Task prompt:
Output the line that contains "Hello everyone, welcome" together with each line after it, through the final line of the listing below, word for word; omit pictures.

Dataset excerpt:
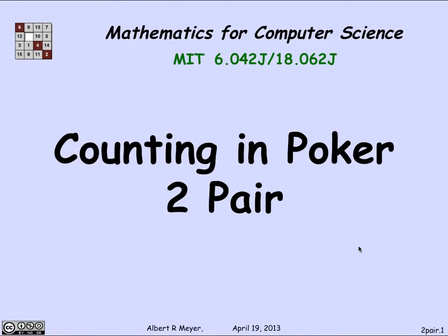Let's do a basic example of counting that illustrates the use of the generalized division rule and the generalized product rule. We'll count some particular kind of poker hands called a two-pair.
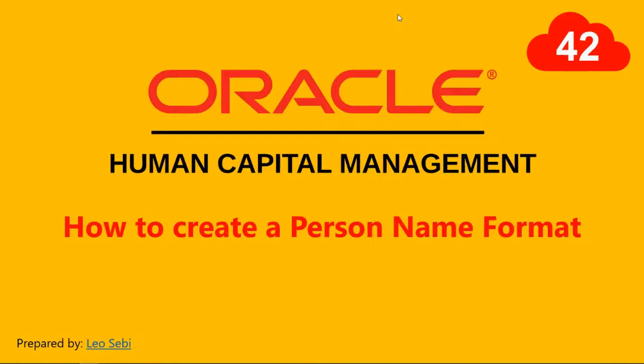Hello everyone, welcome to Oracle HCM Cloud. Let's have a look at how to create a person name format.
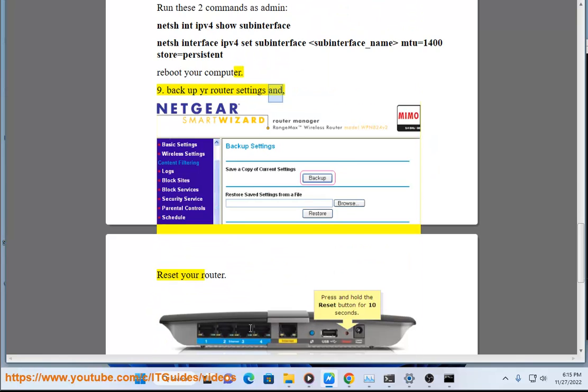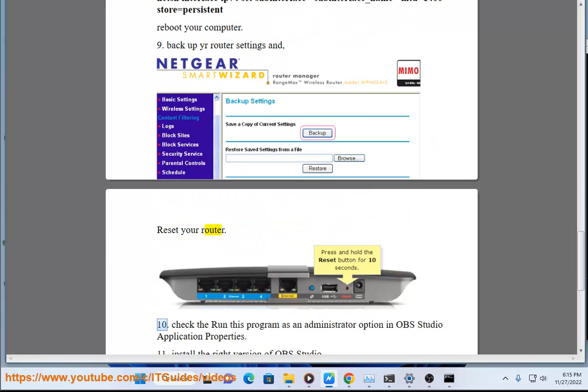9. Back up your router settings and reset your router. 10. Check the 'Run this program as an administrator' option in OBS Studio application properties.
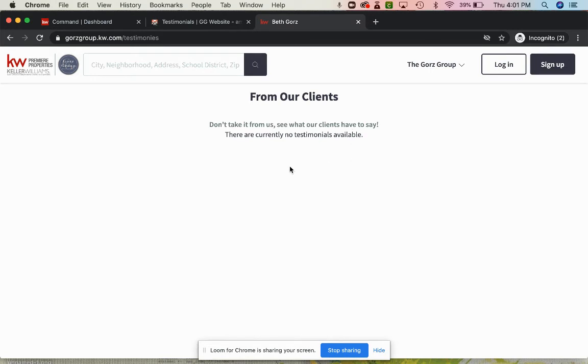Thanks so much for coming to visit today. I hope you learned something great and I will see you later to load in your testimonies to the consumer side of your website.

Your response:
Hello everyone, welcome to Oracle HCM Cloud. Let's have a look at how to create a person name format.
9. Back up your router settings and reset your router. 10. Check the 'Run this program as an administrator' option in OBS Studio application properties.
Thanks so much for coming to visit today. I hope you learned something great and I will see you later to load in your testimonies to the consumer side of your website.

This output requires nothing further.